Exact reproduction is required for the lines below starting at the line with "133 lbs Semifinal" and ending at the line with "American Golden-Plover - ML612360756", both included. No other lines, and no pictures.

Given entries =>
··········
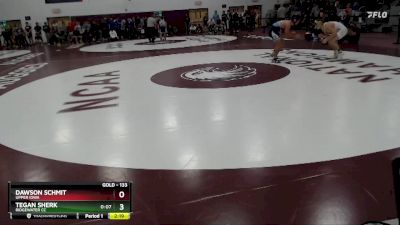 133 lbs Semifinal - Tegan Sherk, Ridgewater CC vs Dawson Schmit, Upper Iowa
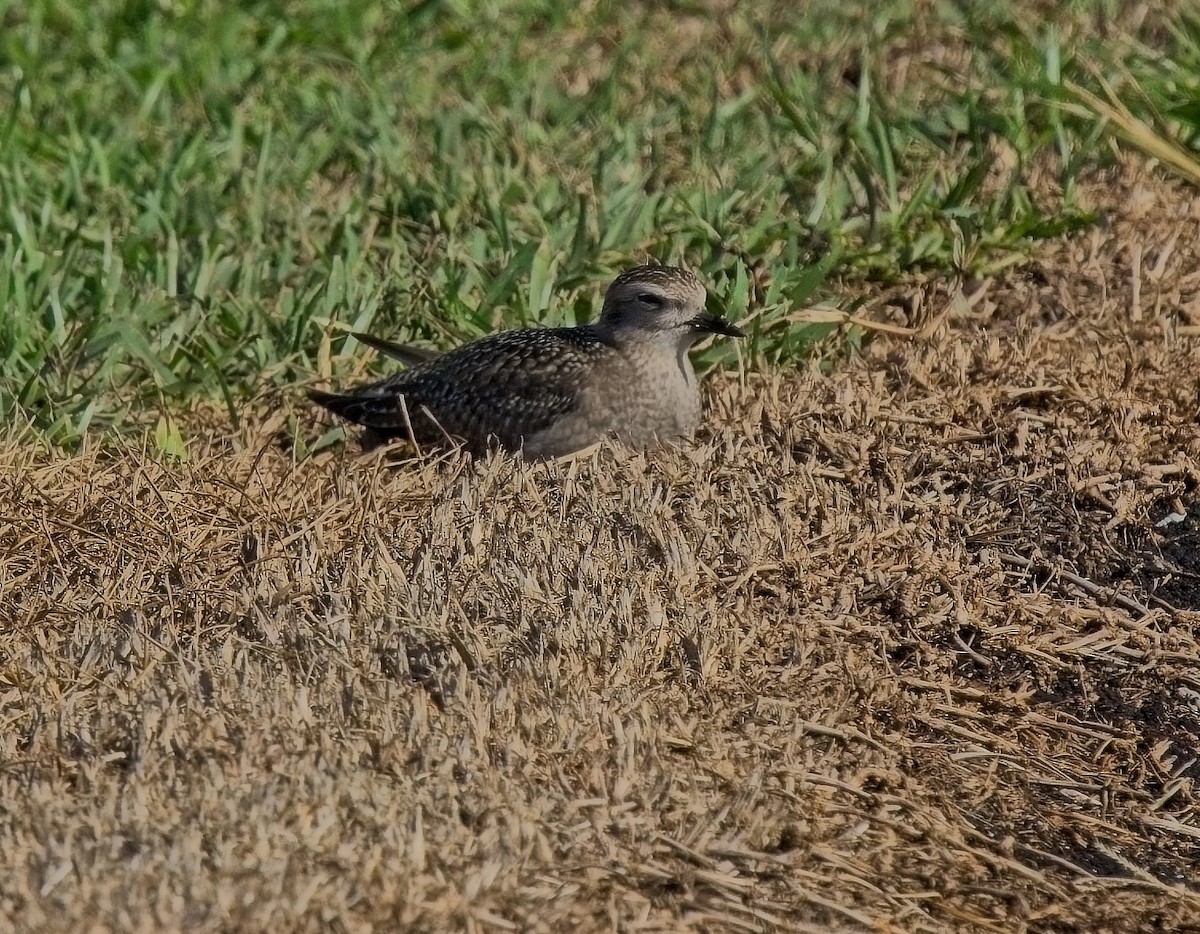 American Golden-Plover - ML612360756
··········
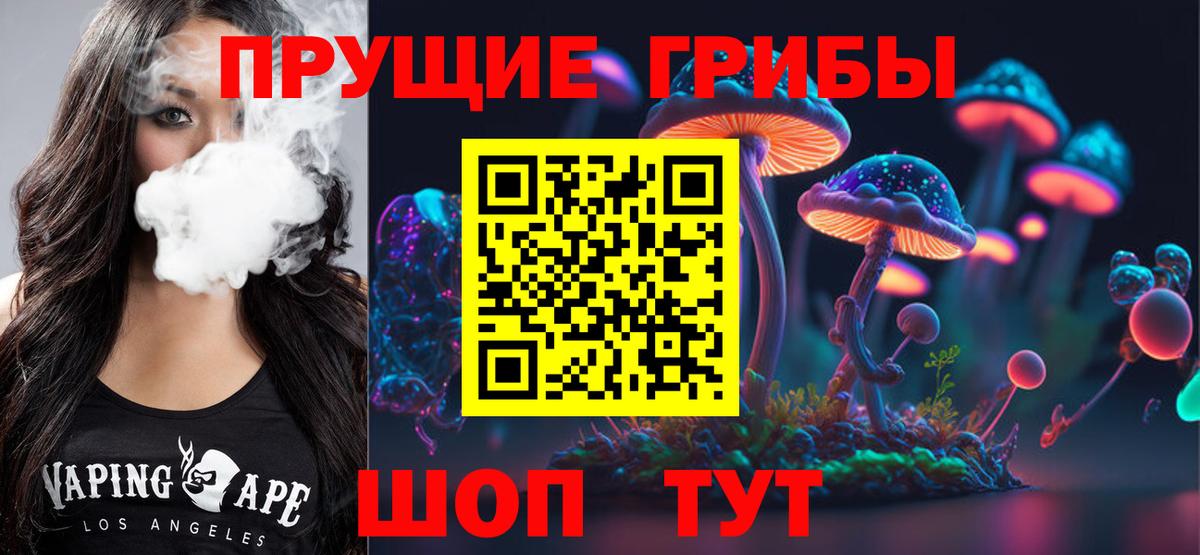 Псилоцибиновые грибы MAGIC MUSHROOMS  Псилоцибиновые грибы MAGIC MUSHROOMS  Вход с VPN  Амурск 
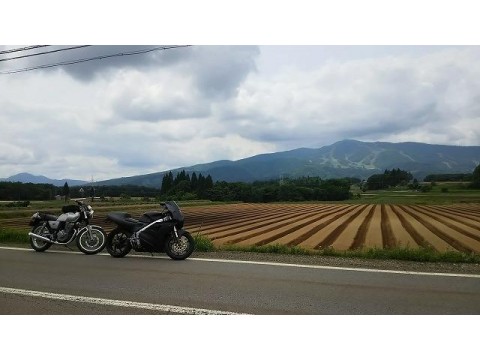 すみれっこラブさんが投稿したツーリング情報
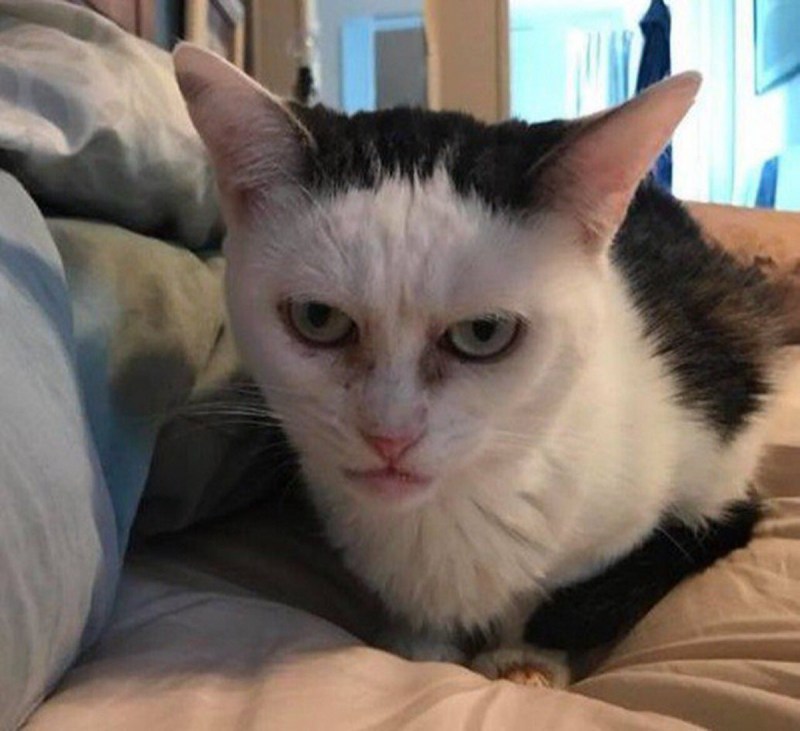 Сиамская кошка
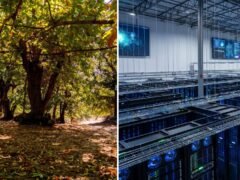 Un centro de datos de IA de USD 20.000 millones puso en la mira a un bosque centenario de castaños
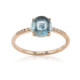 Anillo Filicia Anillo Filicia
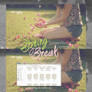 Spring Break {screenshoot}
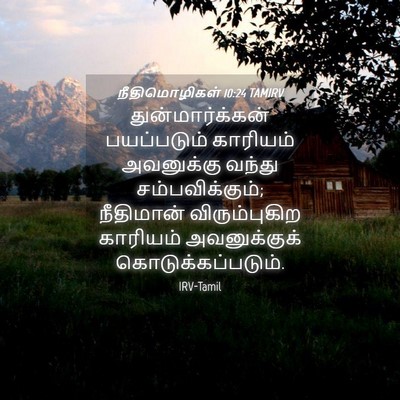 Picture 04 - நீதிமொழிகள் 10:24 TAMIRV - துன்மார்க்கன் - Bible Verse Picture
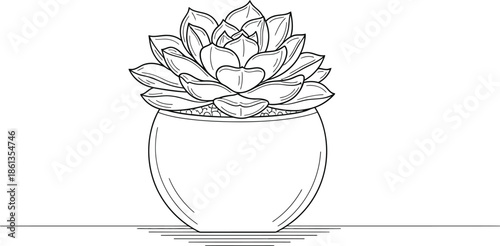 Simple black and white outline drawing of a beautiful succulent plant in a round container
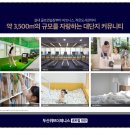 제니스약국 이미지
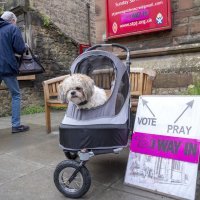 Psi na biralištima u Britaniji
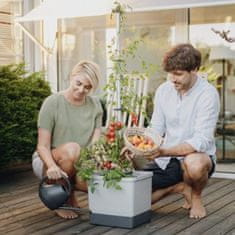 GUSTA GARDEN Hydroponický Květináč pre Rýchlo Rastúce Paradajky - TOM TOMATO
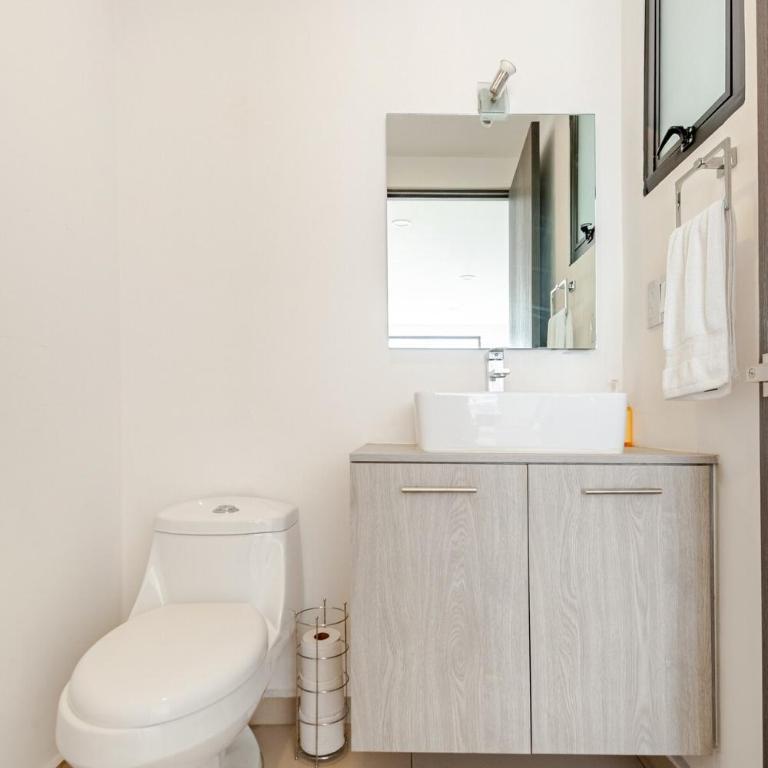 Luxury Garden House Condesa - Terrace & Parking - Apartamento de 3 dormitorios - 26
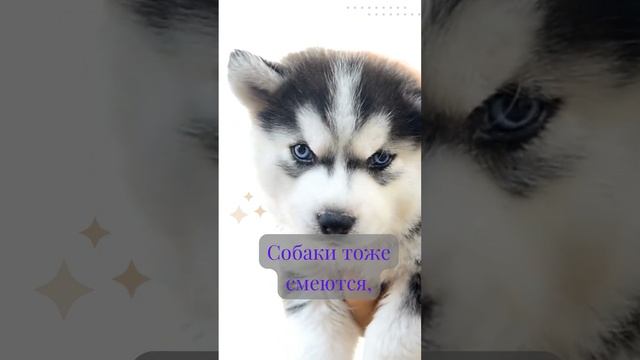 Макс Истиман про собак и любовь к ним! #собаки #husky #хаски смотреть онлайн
··········
Expected answer =>
 133 lbs Semifinal - Tegan Sherk, Ridgewater CC vs Dawson Schmit, Upper Iowa
 American Golden-Plover - ML612360756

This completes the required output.